*** Block opens ***

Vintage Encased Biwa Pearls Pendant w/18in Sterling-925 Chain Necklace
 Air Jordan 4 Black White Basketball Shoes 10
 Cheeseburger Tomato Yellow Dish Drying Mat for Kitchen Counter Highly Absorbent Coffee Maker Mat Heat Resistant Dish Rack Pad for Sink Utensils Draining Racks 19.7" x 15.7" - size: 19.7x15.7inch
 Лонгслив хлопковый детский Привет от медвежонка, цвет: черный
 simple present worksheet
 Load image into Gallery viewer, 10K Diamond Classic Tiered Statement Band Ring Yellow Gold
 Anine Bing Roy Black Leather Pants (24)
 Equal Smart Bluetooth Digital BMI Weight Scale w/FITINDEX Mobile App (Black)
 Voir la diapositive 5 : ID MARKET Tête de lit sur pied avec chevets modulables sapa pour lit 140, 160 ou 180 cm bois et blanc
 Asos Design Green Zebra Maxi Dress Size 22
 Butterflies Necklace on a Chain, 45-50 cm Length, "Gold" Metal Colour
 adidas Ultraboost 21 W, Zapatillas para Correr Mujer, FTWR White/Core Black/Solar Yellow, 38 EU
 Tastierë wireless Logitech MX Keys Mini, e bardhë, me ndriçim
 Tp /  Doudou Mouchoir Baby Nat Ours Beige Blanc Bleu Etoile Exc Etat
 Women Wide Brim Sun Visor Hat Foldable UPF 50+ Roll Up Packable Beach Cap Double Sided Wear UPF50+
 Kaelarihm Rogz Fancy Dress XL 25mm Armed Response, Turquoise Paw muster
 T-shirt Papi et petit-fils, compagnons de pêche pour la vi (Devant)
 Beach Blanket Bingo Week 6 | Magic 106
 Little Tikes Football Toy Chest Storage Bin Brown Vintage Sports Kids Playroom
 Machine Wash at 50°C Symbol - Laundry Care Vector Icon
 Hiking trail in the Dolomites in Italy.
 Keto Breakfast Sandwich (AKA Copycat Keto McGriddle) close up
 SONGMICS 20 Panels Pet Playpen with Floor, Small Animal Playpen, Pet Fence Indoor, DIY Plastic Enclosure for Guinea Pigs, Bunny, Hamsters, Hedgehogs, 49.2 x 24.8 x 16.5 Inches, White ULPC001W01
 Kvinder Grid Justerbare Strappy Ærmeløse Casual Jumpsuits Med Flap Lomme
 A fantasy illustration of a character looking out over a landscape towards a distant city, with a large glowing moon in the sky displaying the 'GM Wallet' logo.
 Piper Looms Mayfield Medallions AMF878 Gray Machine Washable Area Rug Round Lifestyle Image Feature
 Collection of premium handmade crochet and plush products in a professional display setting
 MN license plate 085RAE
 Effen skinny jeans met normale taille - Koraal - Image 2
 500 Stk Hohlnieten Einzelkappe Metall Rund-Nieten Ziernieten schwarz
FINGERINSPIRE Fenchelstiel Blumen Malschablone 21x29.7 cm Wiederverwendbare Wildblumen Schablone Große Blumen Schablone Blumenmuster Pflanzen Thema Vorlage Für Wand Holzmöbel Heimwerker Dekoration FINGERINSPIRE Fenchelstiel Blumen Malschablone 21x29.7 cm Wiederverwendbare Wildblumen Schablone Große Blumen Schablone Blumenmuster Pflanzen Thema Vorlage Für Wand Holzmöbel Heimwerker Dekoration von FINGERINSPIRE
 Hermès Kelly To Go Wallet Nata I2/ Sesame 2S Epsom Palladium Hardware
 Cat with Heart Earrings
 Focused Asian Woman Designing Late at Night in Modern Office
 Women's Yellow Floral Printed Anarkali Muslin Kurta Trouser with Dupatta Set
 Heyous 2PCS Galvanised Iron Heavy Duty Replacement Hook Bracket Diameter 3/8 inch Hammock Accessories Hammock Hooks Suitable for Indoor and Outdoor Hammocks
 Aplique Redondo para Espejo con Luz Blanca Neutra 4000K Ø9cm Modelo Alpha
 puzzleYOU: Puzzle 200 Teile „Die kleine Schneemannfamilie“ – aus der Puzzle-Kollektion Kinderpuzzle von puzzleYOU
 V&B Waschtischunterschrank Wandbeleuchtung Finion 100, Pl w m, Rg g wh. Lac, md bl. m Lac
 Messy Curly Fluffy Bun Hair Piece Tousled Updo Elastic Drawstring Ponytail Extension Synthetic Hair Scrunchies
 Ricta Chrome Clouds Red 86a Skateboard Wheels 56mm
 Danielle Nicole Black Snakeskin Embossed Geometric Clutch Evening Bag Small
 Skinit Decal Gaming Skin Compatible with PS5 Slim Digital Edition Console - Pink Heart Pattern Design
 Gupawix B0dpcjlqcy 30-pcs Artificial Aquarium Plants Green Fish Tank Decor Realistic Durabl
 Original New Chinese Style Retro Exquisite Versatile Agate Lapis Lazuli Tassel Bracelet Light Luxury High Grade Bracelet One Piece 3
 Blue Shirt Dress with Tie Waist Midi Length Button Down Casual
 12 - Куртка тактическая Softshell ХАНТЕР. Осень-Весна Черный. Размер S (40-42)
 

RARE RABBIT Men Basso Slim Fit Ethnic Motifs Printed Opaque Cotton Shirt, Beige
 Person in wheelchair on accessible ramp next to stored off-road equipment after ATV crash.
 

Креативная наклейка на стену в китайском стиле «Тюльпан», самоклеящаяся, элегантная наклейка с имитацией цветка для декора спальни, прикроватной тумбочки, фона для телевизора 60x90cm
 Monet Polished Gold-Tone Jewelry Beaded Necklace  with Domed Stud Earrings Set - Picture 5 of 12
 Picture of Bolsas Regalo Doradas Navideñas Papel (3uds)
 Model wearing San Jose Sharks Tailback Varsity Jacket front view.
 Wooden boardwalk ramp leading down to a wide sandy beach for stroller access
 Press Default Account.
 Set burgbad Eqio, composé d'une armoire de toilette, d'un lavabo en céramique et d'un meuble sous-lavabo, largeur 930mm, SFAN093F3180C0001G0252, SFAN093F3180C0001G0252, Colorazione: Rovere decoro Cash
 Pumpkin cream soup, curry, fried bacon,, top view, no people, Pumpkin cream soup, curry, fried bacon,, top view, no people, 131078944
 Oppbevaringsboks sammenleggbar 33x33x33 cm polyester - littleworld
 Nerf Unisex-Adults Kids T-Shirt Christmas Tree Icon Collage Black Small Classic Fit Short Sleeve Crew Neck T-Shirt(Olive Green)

*** Block closes ***

• _Work task_: Every entry is to be repeated exactly as it stands.

• _Final answer_:
Vintage Encased Biwa Pearls Pendant w/18in Sterling-925 Chain Necklace
 Air Jordan 4 Black White Basketball Shoes 10
 Cheeseburger Tomato Yellow Dish Drying Mat for Kitchen Counter Highly Absorbent Coffee Maker Mat Heat Resistant Dish Rack Pad for Sink Utensils Draining Racks 19.7" x 15.7" - size: 19.7x15.7inch
 Лонгслив хлопковый детский Привет от медвежонка, цвет: черный
 simple present worksheet
 Load image into Gallery viewer, 10K Diamond Classic Tiered Statement Band Ring Yellow Gold
 Anine Bing Roy Black Leather Pants (24)
 Equal Smart Bluetooth Digital BMI Weight Scale w/FITINDEX Mobile App (Black)
 Voir la diapositive 5 : ID MARKET Tête de lit sur pied avec chevets modulables sapa pour lit 140, 160 ou 180 cm bois et blanc
 Asos Design Green Zebra Maxi Dress Size 22
 Butterflies Necklace on a Chain, 45-50 cm Length, "Gold" Metal Colour
 adidas Ultraboost 21 W, Zapatillas para Correr Mujer, FTWR White/Core Black/Solar Yellow, 38 EU
 Tastierë wireless Logitech MX Keys Mini, e bardhë, me ndriçim
 Tp /  Doudou Mouchoir Baby Nat Ours Beige Blanc Bleu Etoile Exc Etat
 Women Wide Brim Sun Visor Hat Foldable UPF 50+ Roll Up Packable Beach Cap Double Sided Wear UPF50+
 Kaelarihm Rogz Fancy Dress XL 25mm Armed Response, Turquoise Paw muster
 T-shirt Papi et petit-fils, compagnons de pêche pour la vi (Devant)
 Beach Blanket Bingo Week 6 | Magic 106
 Little Tikes Football Toy Chest Storage Bin Brown Vintage Sports Kids Playroom
 Machine Wash at 50°C Symbol - Laundry Care Vector Icon
 Hiking trail in the Dolomites in Italy.
 Keto Breakfast Sandwich (AKA Copycat Keto McGriddle) close up
 SONGMICS 20 Panels Pet Playpen with Floor, Small Animal Playpen, Pet Fence Indoor, DIY Plastic Enclosure for Guinea Pigs, Bunny, Hamsters, Hedgehogs, 49.2 x 24.8 x 16.5 Inches, White ULPC001W01
 Kvinder Grid Justerbare Strappy Ærmeløse Casual Jumpsuits Med Flap Lomme
 A fantasy illustration of a character looking out over a landscape towards a distant city, with a large glowing moon in the sky displaying the 'GM Wallet' logo.
 Piper Looms Mayfield Medallions AMF878 Gray Machine Washable Area Rug Round Lifestyle Image Feature
 Collection of premium handmade crochet and plush products in a professional display setting
 MN license plate 085RAE
 Effen skinny jeans met normale taille - Koraal - Image 2
 500 Stk Hohlnieten Einzelkappe Metall Rund-Nieten Ziernieten schwarz
FINGERINSPIRE Fenchelstiel Blumen Malschablone 21x29.7 cm Wiederverwendbare Wildblumen Schablone Große Blumen Schablone Blumenmuster Pflanzen Thema Vorlage Für Wand Holzmöbel Heimwerker Dekoration FINGERINSPIRE Fenchelstiel Blumen Malschablone 21x29.7 cm Wiederverwendbare Wildblumen Schablone Große Blumen Schablone Blumenmuster Pflanzen Thema Vorlage Für Wand Holzmöbel Heimwerker Dekoration von FINGERINSPIRE
 Hermès Kelly To Go Wallet Nata I2/ Sesame 2S Epsom Palladium Hardware
 Cat with Heart Earrings
 Focused Asian Woman Designing Late at Night in Modern Office
 Women's Yellow Floral Printed Anarkali Muslin Kurta Trouser with Dupatta Set
 Heyous 2PCS Galvanised Iron Heavy Duty Replacement Hook Bracket Diameter 3/8 inch Hammock Accessories Hammock Hooks Suitable for Indoor and Outdoor Hammocks
 Aplique Redondo para Espejo con Luz Blanca Neutra 4000K Ø9cm Modelo Alpha
 puzzleYOU: Puzzle 200 Teile „Die kleine Schneemannfamilie“ – aus der Puzzle-Kollektion Kinderpuzzle von puzzleYOU
 V&B Waschtischunterschrank Wandbeleuchtung Finion 100, Pl w m, Rg g wh. Lac, md bl. m Lac
 Messy Curly Fluffy Bun Hair Piece Tousled Updo Elastic Drawstring Ponytail Extension Synthetic Hair Scrunchies
 Ricta Chrome Clouds Red 86a Skateboard Wheels 56mm
 Danielle Nicole Black Snakeskin Embossed Geometric Clutch Evening Bag Small
 Skinit Decal Gaming Skin Compatible with PS5 Slim Digital Edition Console - Pink Heart Pattern Design
 Gupawix B0dpcjlqcy 30-pcs Artificial Aquarium Plants Green Fish Tank Decor Realistic Durabl
 Original New Chinese Style Retro Exquisite Versatile Agate Lapis Lazuli Tassel Bracelet Light Luxury High Grade Bracelet One Piece 3
 Blue Shirt Dress with Tie Waist Midi Length Button Down Casual
 12 - Куртка тактическая Softshell ХАНТЕР. Осень-Весна Черный. Размер S (40-42)
 

RARE RABBIT Men Basso Slim Fit Ethnic Motifs Printed Opaque Cotton Shirt, Beige
 Person in wheelchair on accessible ramp next to stored off-road equipment after ATV crash.
 

Креативная наклейка на стену в китайском стиле «Тюльпан», самоклеящаяся, элегантная наклейка с имитацией цветка для декора спальни, прикроватной тумбочки, фона для телевизора 60x90cm
 Monet Polished Gold-Tone Jewelry Beaded Necklace  with Domed Stud Earrings Set - Picture 5 of 12
 Picture of Bolsas Regalo Doradas Navideñas Papel (3uds)
 Model wearing San Jose Sharks Tailback Varsity Jacket front view.
 Wooden boardwalk ramp leading down to a wide sandy beach for stroller access
 Press Default Account.
 Set burgbad Eqio, composé d'une armoire de toilette, d'un lavabo en céramique et d'un meuble sous-lavabo, largeur 930mm, SFAN093F3180C0001G0252, SFAN093F3180C0001G0252, Colorazione: Rovere decoro Cash
 Pumpkin cream soup, curry, fried bacon,, top view, no people, Pumpkin cream soup, curry, fried bacon,, top view, no people, 131078944
 Oppbevaringsboks sammenleggbar 33x33x33 cm polyester - littleworld
 Nerf Unisex-Adults Kids T-Shirt Christmas Tree Icon Collage Black Small Classic Fit Short Sleeve Crew Neck T-Shirt(Olive Green)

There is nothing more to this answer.